Old, sick and and behind bars for more than a year, neo-Nazi and accused triple-murderer Frazier Glenn Miller is apparently ready to officially confess at least some of his crimes and sins.
In a telephone call from jail on Monday, Miller, 74, reportedly told The Associated Press (AP) that he now intends to plead guilty to killing three people at two Jewish facilities in suburban Kansas City last spring. The rampage ended with the longtime white supremacist handcuffed in the back of a police car, screaming, “Heil Hitler.”
Miller, who suffers from chronic emphysema, told the AP he had wanted to go to trial quickly so he could explain in open court – more like rant and rave – the motive for his attack on three unarmed people, including an elderly man and his 14-year-old grandson.
But Miller said because of his declining health, he does not expect to live long enough to have his day in court. He said he was afraid it would be at least six months before his trial would begin and even longer before sentencing.
“I’m not sure I have the stamina to go through all of that,” Miller, who appears in court in a wheelchair and is sometimes attached to an oxygen tank, told the AP. “I want to get it over with.”
A trial date has been set for Aug. 17 and prosecutors have said they will seek the death penalty against Miller, a former leader of the Carolina Knights of the Ku Klux Klan, one of the largest Klan factions in the country in the 1980s.
Miller’s guilt has never been in doubt. He publicly admitted his guilt in an interview last November with the Kansas City Star. He told the newspaper that in the days leading up to the attack he traveled from his Missouri home to Overland Park, Kansas, to conduct reconnaissance on the Jewish Community Center and Village Shalom, a retirement home.
Miller said he chose the two Kansas facilities “for the specific purpose of killing Jews.”
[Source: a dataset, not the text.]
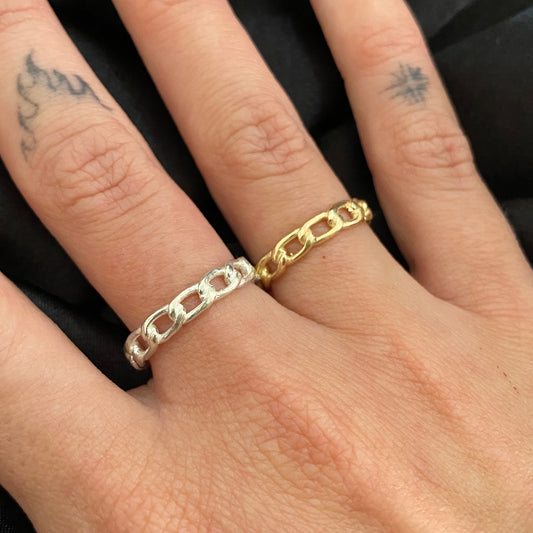Chain Link Ring.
He said he was convinced that he was dying and “wanted to make damned sure I killed some Jews or attacked the Jews before I died.”
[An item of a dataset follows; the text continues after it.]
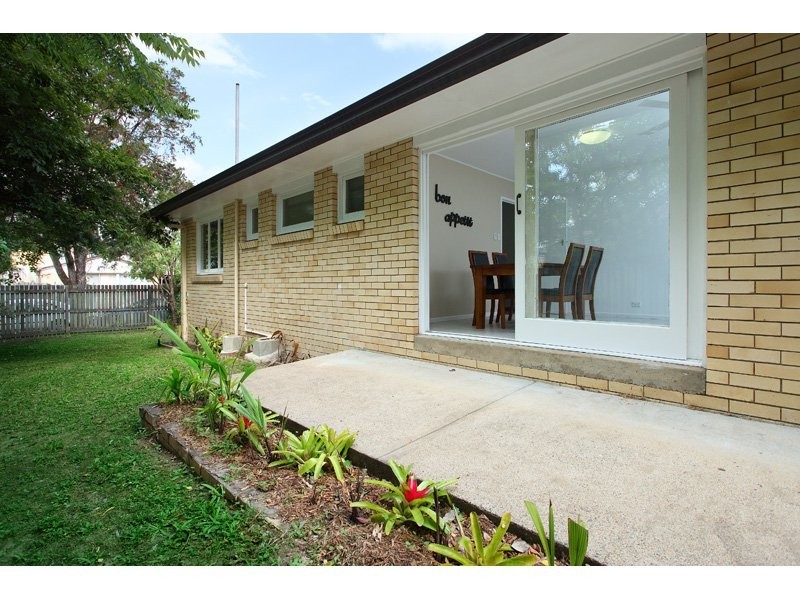 50 Gilruth Road, Kenmore QLD 4069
Then on April 13, armed with a shotgun, his courage fortified by whiskey, Miller gun-downed two people at the Jewish Community Center – 69-year-old William Corporon and his grandson, Reat Underwood, 14. Next Miller drove a short distance to Village Shalom and shot Terri LaManno, 53.
“Because of what I did, Jews feel less secure,” Miller told the Star. “Every Jew in the world knows my name now and what I did.”
None of the three people killed that day were Jewish.